§ Instructions for the task: For the material that follows, return exactly the lines from the one with "Krk Viski Aroması" through the one with "4set!! EX~NM-) Pokemon", both ends included.

§ Entries provided:
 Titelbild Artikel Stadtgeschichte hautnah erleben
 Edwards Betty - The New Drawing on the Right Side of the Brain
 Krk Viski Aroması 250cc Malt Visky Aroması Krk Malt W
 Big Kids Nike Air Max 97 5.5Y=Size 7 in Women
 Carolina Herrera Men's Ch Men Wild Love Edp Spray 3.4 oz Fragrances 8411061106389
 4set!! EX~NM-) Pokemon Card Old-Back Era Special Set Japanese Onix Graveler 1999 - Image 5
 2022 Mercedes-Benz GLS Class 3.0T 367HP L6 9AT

§ Completed exercise:
 Krk Viski Aroması 250cc Malt Visky Aroması Krk Malt W
 Big Kids Nike Air Max 97 5.5Y=Size 7 in Women
 Carolina Herrera Men's Ch Men Wild Love Edp Spray 3.4 oz Fragrances 8411061106389
 4set!! EX~NM-) Pokemon Card Old-Back Era Special Set Japanese Onix Graveler 1999 - Image 5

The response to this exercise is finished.